• Supplied data
"""

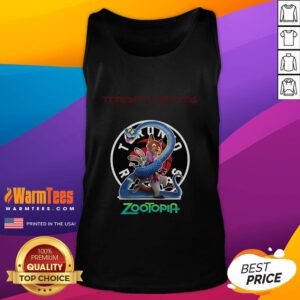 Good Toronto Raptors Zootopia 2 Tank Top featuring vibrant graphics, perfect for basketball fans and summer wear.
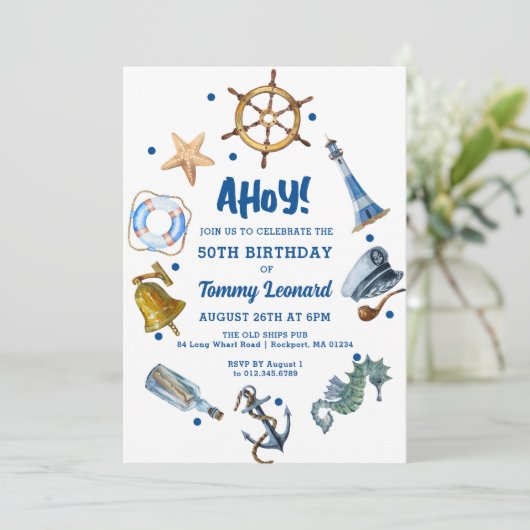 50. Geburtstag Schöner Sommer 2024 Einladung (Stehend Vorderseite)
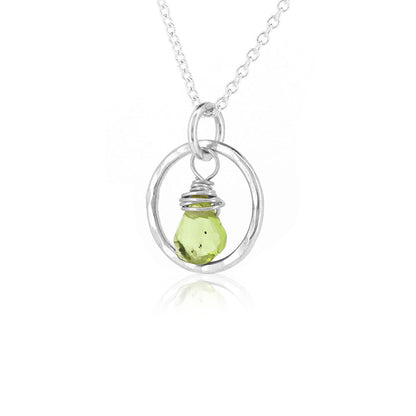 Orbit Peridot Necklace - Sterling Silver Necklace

"""

• Your assignment
Transcribe all the data word for word; the images stay out.

• Your response
 Good Toronto Raptors Zootopia 2 Tank Top featuring vibrant graphics, perfect for basketball fans and summer wear.
 50. Geburtstag Schöner Sommer 2024 Einladung (Stehend Vorderseite)
 Orbit Peridot Necklace - Sterling Silver Necklace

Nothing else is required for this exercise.